Killian laughs, unbothered by the accusation in her voice. "Why would I hide letters from you if I'd gotten them, Bambi?"

Ivy doesn't hesitate. "Because you like me in pain. It's why you let them take me, why you never looked for me, why you're drawing this out when you could have shot me right next to Cody. You know his father will come look for us, that he'll punish me if I'm alive and his son isn't. Is that why you haven't killed me, Killian? You want to let someone else do the dirty work?"

Killian moves fast, his fingers wrapping around her neck as the last word leaves her throat. "You really have me pegged, don't you?" He laughs coldly. "But there's one thing you haven't thought of."
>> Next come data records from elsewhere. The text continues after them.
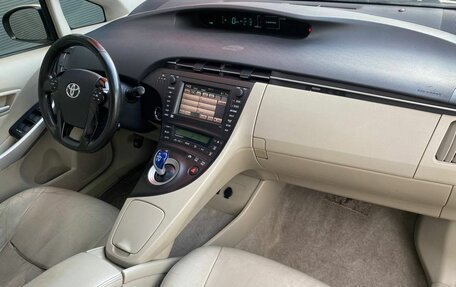 Toyota Prius, 2009 год, 699 000 рублей, 11 фотография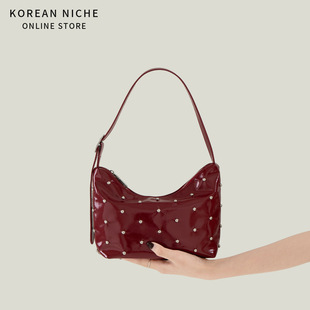 South Korea's Dongdaemun Niche Design Oil Wax Leather Armpit Bag Women's Personalized Rivet Inlaid Shoulder Handbag High-End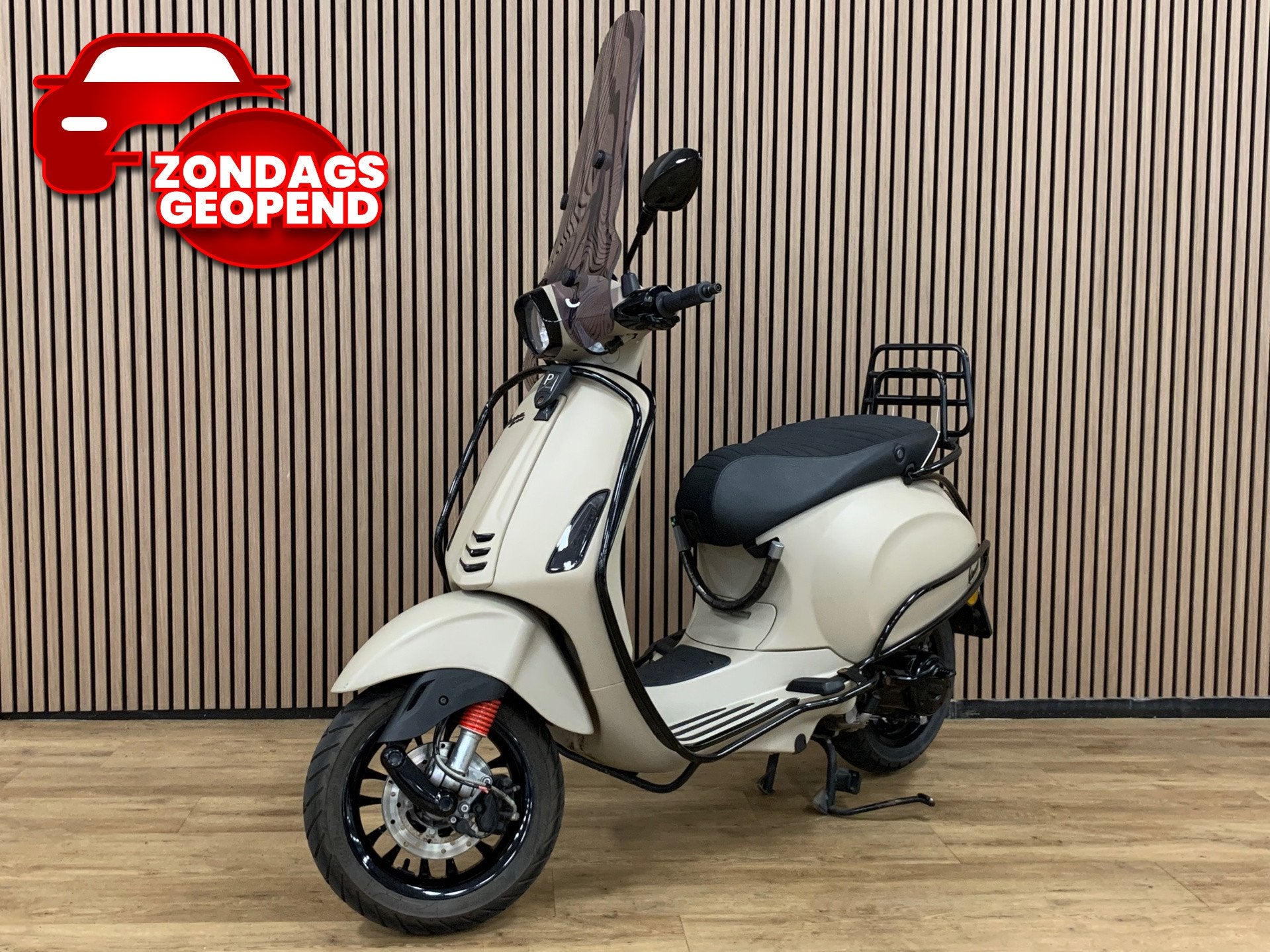 Vespa Snorscooter Sprint 4T Desert Sand|Beugels|LED|, Fietsen en Brommers, Gebruikt, Benzine, Vespa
Her eyes ask the question her body can't, because she's too busy fighting for air as Killian presses his thumb against her carotid artery, her eyes fluttering as she tries to resist the siren call of unconsciousness. But her time runs out fast, Killian accepting her body as she begins to go limp against him. Before she fades away completely, he gives her the answer she was looking for.

"I only like to see you in pain when we're the ones causing it."